Source: The Nation, March 4, 1996 v262 n9 p35(2).
Title: Chungking Express._(movie reviews) Author: Stuart Klawans
Hong Kong neon: Some filmmakers like to watch it blink, others bask in
its glow. In Chungking Express, the outrageously talented Wong Kar-Wai gives us
a different kind of neon, which stretches across the screen like trailing vines,
turning Hong Kong's alleys and lanes into a jungle of yellow blue, red and
green. On the soundtrack to the accompaniment of dreamy synthesizer pop, a man
speaks of strangers in this urban thicket who pass within an inch of one
another. Random meetings, missed connections: As we soon learn, the speaker is a
lovesick cop, while the woman who is the object of his meditation - we see her
pushing through the crowd in off-kilter, neon-smeared slow motion - is a
desperate criminal. Not that the cop knows or cares. He just wants to console
himself for the night.
The adventure of Policeman 223 (Takeshi Kaneshiro)
and the unknown woman (blond wig, dark glasses, belted Chanel raincoat; played
by Brigitte Lin) takes up the first half of Chungking Express. In the second
half, the point of view shifts from man to woman: from Policeman 223 to Faye
(Faye Wang), the new counter girl at a fast-food stall in the market. She, too,
lives through a near-encounter, with Policeman 663 (Tony Chiu-Wai Leung). Having
developed a secret crush on him, Faye starts sneaking into his apartment and
rearranging things, just to make herself felt. Unfortunately, 663 is as
distracted as 223; it takes him a while to catch on.

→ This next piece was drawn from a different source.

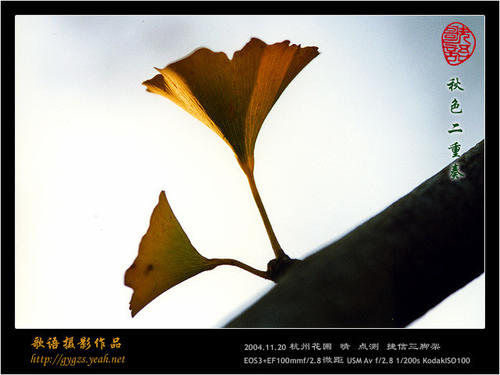 爱闪耀着罚款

missed connections: Like the characters themselves, these two stories in
Chungking Express almost come together but don't. They pass within an inch of
each other, brushing by at the fastfood stall where both 223 and 663 stop to
eat. You might say, then, that Chungking Express asks us how much we know about
people, even the ones we love, in the lonely crowd of city life - though that's
an awfully banal question for a filmmaker as lively as Wong Kar-Wai. He'd rather
ask something like, "How fast is food?"
Wong, it seems, has noticed that
some foods actually speed up - like the cans of pineapple that 223 keeps buying,
with an eye toward the date stamped on them. Love expires; pineapple expires. If
he hasn't heard from his former lover by a given day, then he figures the affair
is over. Trouble is, as the date approaches, the soon-to-expire cans hurry
offthe grocery shelves, making it impossible for 223 to buy his daily talisman
Another question: How often can you listen to "California
Dreamin" without resolving to go there? Faye owns a tape of the song and plays
it over and over, loud, until the owner of the fast-food stall screams in pain.
Policeman 663 doesn't much notice - yet I assume Faye is playing it for him, so
he'll maybe forget the airline stewardess who dumped him and realize there's
someone who would gladly fly away with him, given the chance.
I leave it
to you to compare the flight dreams of Faye with the more pressing need for
flight of the unknown woman. Women are always taking the active role in
Chungking Express - making plans, flying away, breaking laws big and small -
while policemen mope around and miss the point. Or do they? Though they seem too
sunk in the past to be much good at police work, the men are brilliant at
investigating such subjects as the relationship between tears (unspilled) and
sweat (poured out on the jogging track). An investigation that's only marginally
useful, you might say. And yet some things may be savored even if they aren't
practical: expiring pineapple, jungle-like neon, the new love that's getting
away from you even while you're mourning the old love that's lost. Add to the
list of delicacies Chungking Express - a movie that's as sweet and sad as
morning-after grin in an empty room.